A 2012 Fisker Karma ~ $100,000 
More Good Stuff On the Way
That long lasting era of ~20 MPG blah is slowly drawing to a close as more technology makes its way into vehicles. Even vehicles without hybrid technology are becoming more fuel efficient. Direct Inject, Turbo-Charging/Intercooling/Displacement Reduction, 6-7-8-9spd transmissions, continuously variable transmissions, improved tire chemistry, better aerodynamics, integrated alternator/ starter, laser ignition/ homogeneous charge compression: there is a lot of technology being developed to improve the performance, fuel economy and emissions profile of future gas and diesel vehicles. These improved engines and vehicle designs will also make vehicle with hybrid technology perform better as well. Innovations have this way of overlapping that inspires and improves not one but many aspects of a sector in which the innovation is made. Many times innovations made in one sector (aerospace) bleed over and trickle down into other sectors (consumer electronics, vehicles). Despite the global economic slowdown a lot of interesting things are on their way into the free markets, where competition drives innovation forward! 


  1. Consumers in the 19-to-31-year-old age range – also known as Generation Y – favor hybrid-electric vehicles over gas-powered cars and many are willing to pay an extra $3,000 for 10 more miles per gallon of fuel economy.

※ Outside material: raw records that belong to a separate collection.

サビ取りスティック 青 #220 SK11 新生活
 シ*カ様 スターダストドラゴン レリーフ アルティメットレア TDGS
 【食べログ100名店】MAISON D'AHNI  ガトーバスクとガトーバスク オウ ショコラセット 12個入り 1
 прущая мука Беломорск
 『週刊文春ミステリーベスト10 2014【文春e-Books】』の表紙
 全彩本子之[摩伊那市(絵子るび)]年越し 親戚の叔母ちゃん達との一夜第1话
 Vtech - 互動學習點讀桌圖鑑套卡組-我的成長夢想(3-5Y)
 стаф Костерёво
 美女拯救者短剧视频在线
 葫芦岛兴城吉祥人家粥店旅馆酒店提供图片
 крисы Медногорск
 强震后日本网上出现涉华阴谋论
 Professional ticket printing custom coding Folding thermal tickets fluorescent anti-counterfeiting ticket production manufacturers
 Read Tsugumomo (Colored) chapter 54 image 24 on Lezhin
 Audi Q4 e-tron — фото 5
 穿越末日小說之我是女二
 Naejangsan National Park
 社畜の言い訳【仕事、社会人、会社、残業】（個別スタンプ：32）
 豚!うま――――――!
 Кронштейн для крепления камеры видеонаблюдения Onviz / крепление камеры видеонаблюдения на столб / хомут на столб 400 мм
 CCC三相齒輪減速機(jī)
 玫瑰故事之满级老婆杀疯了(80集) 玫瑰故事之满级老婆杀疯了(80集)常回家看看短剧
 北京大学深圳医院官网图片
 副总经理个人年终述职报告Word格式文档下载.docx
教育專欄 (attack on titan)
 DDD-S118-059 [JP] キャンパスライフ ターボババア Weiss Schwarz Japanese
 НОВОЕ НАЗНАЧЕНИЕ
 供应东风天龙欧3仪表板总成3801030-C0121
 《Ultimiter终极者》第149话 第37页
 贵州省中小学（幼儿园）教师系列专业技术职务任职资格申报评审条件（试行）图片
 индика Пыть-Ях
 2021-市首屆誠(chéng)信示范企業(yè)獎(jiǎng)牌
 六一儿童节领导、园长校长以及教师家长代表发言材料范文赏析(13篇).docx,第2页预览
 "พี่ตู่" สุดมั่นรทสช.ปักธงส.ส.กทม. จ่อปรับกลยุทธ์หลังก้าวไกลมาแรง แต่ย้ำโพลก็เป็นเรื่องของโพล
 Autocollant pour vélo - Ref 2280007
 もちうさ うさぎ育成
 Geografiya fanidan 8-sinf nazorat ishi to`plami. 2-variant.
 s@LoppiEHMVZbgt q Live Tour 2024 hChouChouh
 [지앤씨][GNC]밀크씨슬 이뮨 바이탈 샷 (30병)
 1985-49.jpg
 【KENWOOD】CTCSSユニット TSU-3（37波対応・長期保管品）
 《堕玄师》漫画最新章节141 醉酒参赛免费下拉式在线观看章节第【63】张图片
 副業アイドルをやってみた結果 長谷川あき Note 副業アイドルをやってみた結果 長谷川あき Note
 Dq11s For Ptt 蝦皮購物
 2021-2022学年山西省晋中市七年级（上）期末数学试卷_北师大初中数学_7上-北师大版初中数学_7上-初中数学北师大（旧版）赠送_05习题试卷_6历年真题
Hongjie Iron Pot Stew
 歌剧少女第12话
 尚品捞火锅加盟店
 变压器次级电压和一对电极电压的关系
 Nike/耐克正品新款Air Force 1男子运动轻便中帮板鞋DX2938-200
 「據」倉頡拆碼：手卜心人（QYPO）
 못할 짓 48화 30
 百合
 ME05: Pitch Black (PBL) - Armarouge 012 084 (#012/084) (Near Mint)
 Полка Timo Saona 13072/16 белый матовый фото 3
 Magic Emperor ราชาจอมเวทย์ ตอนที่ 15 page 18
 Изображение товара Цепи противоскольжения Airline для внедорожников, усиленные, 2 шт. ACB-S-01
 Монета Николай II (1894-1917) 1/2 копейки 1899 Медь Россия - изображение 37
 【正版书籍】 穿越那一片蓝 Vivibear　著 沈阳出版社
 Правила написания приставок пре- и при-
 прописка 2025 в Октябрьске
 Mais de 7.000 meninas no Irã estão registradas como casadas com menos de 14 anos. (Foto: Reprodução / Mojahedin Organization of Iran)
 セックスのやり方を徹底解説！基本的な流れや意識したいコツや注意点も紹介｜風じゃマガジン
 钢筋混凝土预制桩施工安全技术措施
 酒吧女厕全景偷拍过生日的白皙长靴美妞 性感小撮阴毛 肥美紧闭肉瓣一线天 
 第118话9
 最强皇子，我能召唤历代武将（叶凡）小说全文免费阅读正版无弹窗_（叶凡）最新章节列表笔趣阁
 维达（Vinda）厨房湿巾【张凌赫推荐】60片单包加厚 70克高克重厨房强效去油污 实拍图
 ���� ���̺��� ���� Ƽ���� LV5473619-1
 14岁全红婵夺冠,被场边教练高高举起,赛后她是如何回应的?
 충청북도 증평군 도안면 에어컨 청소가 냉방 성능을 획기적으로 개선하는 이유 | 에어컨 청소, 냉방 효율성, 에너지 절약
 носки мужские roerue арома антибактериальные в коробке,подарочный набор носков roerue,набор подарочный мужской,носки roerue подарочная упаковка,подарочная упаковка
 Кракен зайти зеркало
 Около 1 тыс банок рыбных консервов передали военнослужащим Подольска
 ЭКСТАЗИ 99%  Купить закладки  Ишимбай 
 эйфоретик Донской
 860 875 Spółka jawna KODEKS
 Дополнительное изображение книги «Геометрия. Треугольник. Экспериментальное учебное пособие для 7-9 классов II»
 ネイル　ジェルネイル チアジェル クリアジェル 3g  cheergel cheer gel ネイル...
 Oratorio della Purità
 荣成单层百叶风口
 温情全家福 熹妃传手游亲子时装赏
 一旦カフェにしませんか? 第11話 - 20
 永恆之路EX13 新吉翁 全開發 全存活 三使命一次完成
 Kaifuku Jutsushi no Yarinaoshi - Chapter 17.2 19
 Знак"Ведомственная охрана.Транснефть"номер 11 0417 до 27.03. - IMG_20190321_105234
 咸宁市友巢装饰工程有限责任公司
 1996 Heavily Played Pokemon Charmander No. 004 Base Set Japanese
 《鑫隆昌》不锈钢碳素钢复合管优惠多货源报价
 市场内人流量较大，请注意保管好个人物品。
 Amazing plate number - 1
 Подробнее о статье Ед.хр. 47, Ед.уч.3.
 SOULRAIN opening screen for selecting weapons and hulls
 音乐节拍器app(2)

    Almost 59 percent of Generation Y consumers chose hybrids as their vehicle powertrain of choice, compared to 37 percent for gasoline and just two percent for battery-electric vehicles, Deloitte said, citing a Fall 2011 survey of more 1,500 Americans and 550 people overseas. About half of those polled said they'd pay $300 per every mile per gallon of fuel-economy improvement. Deloitte estimates that the average hybrid costs about $350 per additional mile per gallon of fuel economy compared to a similar gas-powered vehicle.

    "Gen Y is familiar and comfortable with hybrid technology, but not so much with battery-only technology," said Craig Giffi, vice chairman and automotive practice leader at Deloitte LLP, in a statement.

    The survey spells good news for automaker's who've invested in hybrid technology, as Generation Y totals about 80 million people in America and will account for 40 percent of the vehicles sold in the U.S. during the next decade. Hybrids account for about 2.5 percent of new vehicles sold in the U.S. today, though that number may rise this year, as 2011 sales of the Toyota Prius and some of Honda's hybrid models were hampered by supply issues stemming from the earthquake and tsunami that struck Japan last March.
    News Source: Deloitte LLP

    1. The advantage of the hybrids are clear. Long term fuel cost savings that pay for the hybrid premium within the first 100K miles and dramatically cleaner tail pipe emissions that result in less avoidable smog driven sickness and suffering. hybrid vehicles

  2. Global hybrid and plug-in truck sales will almost double this year as more companies and public entities turn to advanced powertrains to cut fuel costs, green-technology research firm Pike Research said.

    In 2012, hybrid and electric-drive truck sales around the world will reach about 19,000 vehicles and will increase by more than 45 percent for each of the next five years until it hits more than 100,000 vehicles by the end of 2017, Pike Research said.

    The increase reflects a combination of a broader range of electric-drive models for utility vehicles and a rebound in the retail industry, which will free up cash for companies to pay more for alt-fuel vehicles, according to Pike Research senior analyst Dave Hurst. Industry analysts have predicted rapid growth for electric-drive trucks because of the potentially substantial fuel-cost savings relative to conventional diesel trucks, which usually get well below 10 miles per gallon.

    AT&T, Coca-Cola, FedEx and UPS are among companies that in recent years have stepped up efforts to buy hybrid or plug-in trucks in order to cut both fuel use and greenhouse-gas emissions from their fleets.